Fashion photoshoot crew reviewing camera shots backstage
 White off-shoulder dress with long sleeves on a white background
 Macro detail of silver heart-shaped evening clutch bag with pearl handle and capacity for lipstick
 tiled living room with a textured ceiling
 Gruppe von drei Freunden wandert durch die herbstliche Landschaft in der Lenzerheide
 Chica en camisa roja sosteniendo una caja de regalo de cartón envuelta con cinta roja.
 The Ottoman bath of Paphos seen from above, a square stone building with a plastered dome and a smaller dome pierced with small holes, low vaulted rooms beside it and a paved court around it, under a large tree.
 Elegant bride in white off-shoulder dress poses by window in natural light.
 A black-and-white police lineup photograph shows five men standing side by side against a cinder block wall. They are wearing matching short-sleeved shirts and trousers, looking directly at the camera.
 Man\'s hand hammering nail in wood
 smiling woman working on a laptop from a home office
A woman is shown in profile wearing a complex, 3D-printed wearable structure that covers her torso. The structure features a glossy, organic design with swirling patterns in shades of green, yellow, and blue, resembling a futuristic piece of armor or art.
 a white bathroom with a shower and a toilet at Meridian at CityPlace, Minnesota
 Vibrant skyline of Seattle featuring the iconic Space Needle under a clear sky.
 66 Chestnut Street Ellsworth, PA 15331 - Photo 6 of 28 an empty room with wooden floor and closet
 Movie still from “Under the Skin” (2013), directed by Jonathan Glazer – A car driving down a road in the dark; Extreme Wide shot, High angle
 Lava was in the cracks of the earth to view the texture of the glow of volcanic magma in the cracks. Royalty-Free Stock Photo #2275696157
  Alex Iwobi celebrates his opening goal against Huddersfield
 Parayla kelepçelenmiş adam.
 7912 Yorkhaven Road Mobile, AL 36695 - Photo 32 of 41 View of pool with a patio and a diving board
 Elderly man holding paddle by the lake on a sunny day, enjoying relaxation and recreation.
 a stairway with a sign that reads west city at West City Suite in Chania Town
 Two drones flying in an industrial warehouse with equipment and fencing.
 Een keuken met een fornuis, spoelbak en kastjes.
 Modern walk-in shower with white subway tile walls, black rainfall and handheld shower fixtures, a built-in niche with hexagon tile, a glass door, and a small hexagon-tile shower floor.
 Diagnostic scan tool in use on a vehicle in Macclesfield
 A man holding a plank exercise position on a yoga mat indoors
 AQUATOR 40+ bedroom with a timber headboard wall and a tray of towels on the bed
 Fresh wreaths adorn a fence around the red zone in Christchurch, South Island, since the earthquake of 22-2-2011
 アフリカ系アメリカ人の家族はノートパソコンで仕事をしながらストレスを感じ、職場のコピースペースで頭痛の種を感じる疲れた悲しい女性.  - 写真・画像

____________

▸ **EXERCISE**
Which lines run from the one containing "Fresh wreaths adorn" through the end of the material? Output exactly those lines and no others.

▸ **THE ANSWER**
 Fresh wreaths adorn a fence around the red zone in Christchurch, South Island, since the earthquake of 22-2-2011
 アフリカ系アメリカ人の家族はノートパソコンで仕事をしながらストレスを感じ、職場のコピースペースで頭痛の種を感じる疲れた悲しい女性.  - 写真・画像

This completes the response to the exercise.